BBS8蛋白参与衣藻鞭毛膜蛋白的运输

真核细胞的纤毛(也称鞭毛)是一种突出于细胞表面的极性细胞器,纤毛不仅参与细胞运动,还参与信号传导等过程,其结构或功能异常引发的一系列人类疾病称为"纤毛相关性疾病"。纤毛相关性疾病巴德-毕德氏综合征(Bardet-Biedl syndrome,简称BBS)由BBS相关基因缺陷导致,为了研究致病基因BBS8的生理作用和功能,构建模式生物莱茵衣藻BBS8基因缺陷突变体,利用性状观测和生化分析检测突变体的表现型和生理功能。免疫荧光表明BBS8蛋白是一种鞭毛蛋白且在基体有特异性定位;bbs8突变体感光极性运动消失,并在解聚诱导实验中鞭毛解聚缓慢;鞭毛的银染和质谱结果表明突变体的鞭毛膜蛋白在鞭毛内异常积累。文中通过实验证据说明BBS8蛋白在参与鞭毛内膜蛋白运输中起到重要作用,并极可能通过介导膜蛋白反向运输发挥生理功能。

Bardet-Biedl syndrome protein-8 is involved in flagellar membrane protein transport in Chlamydomonas reinhardtii

Cilia and flagella on eukaryotic cells are polarized organelles extending from the surfaces of cells, which participate not only in cell motility, but also in signal transduction and other processes. Structural or functional abnormalities of cilia can cause various human diseases, termed ciliopathies. Bardet-Biedl syndrome (BBS) is a ciliopathic human genetic disorder, and the pathogenesis is that mutated BBS genes result in abnormal cilia function. In order to study the pathogenic genes BBS8, we screened bbs8 mutant in Chlamydomonas reinhardtii and did a lot of physiology and biochemistry experiments. We affirmed that BBS8 protein was a cilia protein and had specific localization in the basal body by immunofluorescence (IF). The bbs8 mutant lost photokinesis, and it was defective in flagella shortening with drug induction.
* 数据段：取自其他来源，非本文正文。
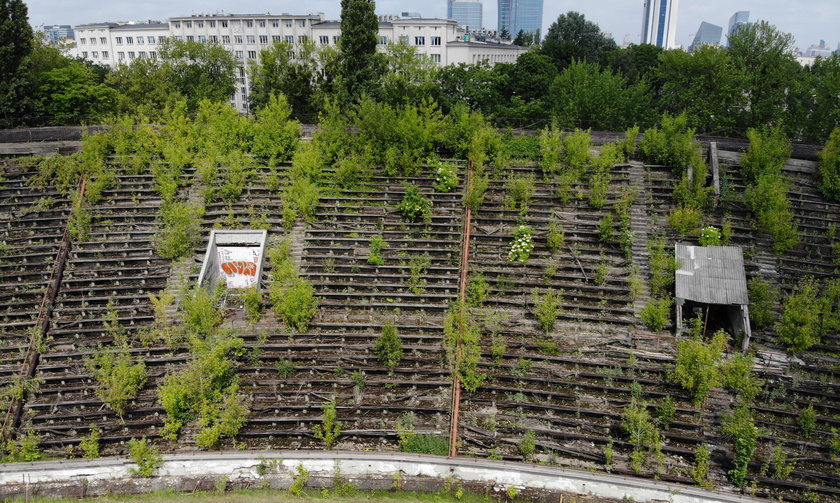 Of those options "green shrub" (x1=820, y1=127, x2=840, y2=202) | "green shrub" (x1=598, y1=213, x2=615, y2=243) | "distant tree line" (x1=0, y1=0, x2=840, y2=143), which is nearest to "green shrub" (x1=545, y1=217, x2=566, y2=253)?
"green shrub" (x1=598, y1=213, x2=615, y2=243)

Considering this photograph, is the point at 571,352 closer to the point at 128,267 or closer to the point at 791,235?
the point at 791,235

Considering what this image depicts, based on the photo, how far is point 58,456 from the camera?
36.0 feet

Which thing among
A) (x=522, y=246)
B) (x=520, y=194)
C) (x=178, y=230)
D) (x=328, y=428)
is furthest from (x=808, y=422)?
(x=178, y=230)

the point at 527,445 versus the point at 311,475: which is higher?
the point at 527,445

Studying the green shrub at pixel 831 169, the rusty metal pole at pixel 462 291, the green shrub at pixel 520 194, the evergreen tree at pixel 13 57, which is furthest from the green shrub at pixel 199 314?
the green shrub at pixel 831 169

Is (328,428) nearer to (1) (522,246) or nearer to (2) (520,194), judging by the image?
(1) (522,246)

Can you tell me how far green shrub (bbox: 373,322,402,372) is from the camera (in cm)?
1210

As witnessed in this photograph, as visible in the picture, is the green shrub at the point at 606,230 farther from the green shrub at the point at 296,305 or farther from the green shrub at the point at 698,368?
the green shrub at the point at 296,305

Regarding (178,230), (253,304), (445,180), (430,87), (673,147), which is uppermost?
(430,87)

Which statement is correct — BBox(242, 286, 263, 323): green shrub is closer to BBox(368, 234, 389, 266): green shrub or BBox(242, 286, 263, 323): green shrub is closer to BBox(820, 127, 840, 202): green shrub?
BBox(368, 234, 389, 266): green shrub

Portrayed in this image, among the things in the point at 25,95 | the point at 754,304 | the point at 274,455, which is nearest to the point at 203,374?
the point at 274,455

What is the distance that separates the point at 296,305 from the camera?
13.0 metres

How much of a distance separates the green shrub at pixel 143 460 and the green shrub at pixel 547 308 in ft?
29.6

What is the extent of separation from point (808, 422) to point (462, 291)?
7.97m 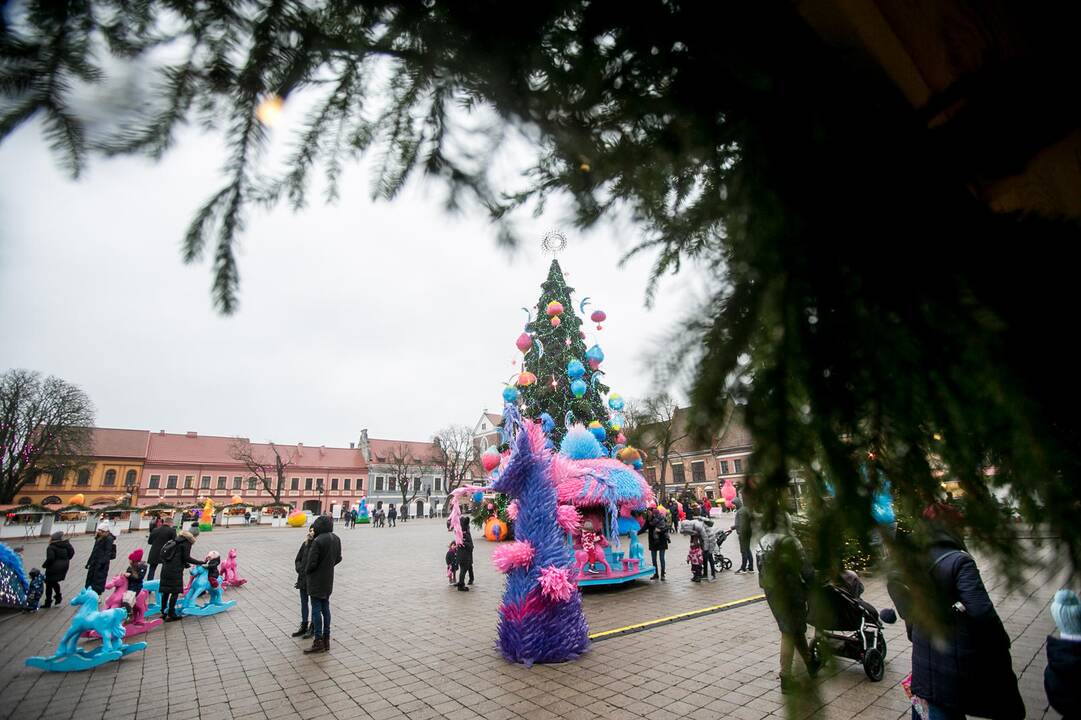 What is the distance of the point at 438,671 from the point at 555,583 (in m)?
1.61

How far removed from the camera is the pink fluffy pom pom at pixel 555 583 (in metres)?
5.40

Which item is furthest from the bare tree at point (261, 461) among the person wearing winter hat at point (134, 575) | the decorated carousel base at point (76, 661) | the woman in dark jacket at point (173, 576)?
the decorated carousel base at point (76, 661)

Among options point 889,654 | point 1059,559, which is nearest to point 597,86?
point 1059,559

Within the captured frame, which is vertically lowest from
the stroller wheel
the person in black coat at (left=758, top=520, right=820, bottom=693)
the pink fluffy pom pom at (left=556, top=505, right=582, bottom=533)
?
the stroller wheel

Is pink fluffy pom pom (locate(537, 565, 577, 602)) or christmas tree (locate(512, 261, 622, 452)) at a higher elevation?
christmas tree (locate(512, 261, 622, 452))

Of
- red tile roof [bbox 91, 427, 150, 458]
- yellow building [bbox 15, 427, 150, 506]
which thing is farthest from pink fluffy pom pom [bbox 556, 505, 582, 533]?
red tile roof [bbox 91, 427, 150, 458]

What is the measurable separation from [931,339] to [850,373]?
133 millimetres

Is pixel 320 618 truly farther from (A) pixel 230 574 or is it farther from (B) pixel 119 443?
(B) pixel 119 443

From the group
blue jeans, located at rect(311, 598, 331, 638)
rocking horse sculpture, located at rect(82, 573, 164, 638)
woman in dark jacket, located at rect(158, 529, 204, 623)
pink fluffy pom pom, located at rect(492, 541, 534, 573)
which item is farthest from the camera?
woman in dark jacket, located at rect(158, 529, 204, 623)

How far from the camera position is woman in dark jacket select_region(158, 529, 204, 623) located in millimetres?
7773

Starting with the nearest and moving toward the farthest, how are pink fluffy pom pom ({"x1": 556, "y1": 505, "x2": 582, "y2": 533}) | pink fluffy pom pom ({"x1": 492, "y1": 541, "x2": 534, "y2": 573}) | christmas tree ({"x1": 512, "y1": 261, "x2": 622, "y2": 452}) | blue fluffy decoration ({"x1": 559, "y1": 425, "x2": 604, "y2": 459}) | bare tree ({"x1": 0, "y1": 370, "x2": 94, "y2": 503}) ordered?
pink fluffy pom pom ({"x1": 492, "y1": 541, "x2": 534, "y2": 573}) < pink fluffy pom pom ({"x1": 556, "y1": 505, "x2": 582, "y2": 533}) < blue fluffy decoration ({"x1": 559, "y1": 425, "x2": 604, "y2": 459}) < christmas tree ({"x1": 512, "y1": 261, "x2": 622, "y2": 452}) < bare tree ({"x1": 0, "y1": 370, "x2": 94, "y2": 503})

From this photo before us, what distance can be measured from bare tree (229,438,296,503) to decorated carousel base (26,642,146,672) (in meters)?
48.3

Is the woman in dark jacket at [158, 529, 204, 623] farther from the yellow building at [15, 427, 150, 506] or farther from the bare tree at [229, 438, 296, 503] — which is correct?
the yellow building at [15, 427, 150, 506]

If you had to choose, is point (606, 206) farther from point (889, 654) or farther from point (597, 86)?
point (889, 654) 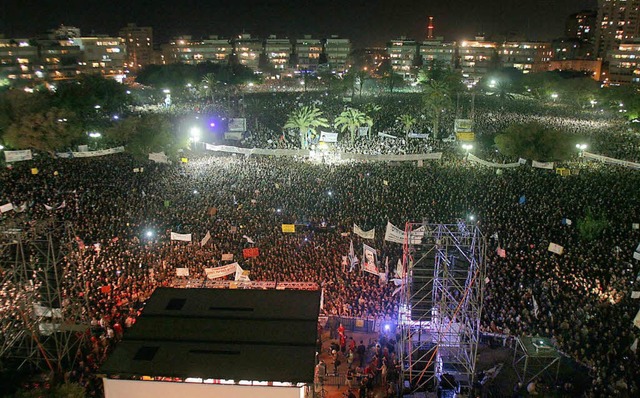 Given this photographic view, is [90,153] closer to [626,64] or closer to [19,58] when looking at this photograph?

The results of silver staining and mass spectrometric analysis showed aberrant accumulation of flagellar proteins in the mutant flagella. We concluded that the BBS8 protein plays a significant role in flagellar membrane proteins transport, and the BBS8 protein might mediate retrograde transport to exert physiological function in the process.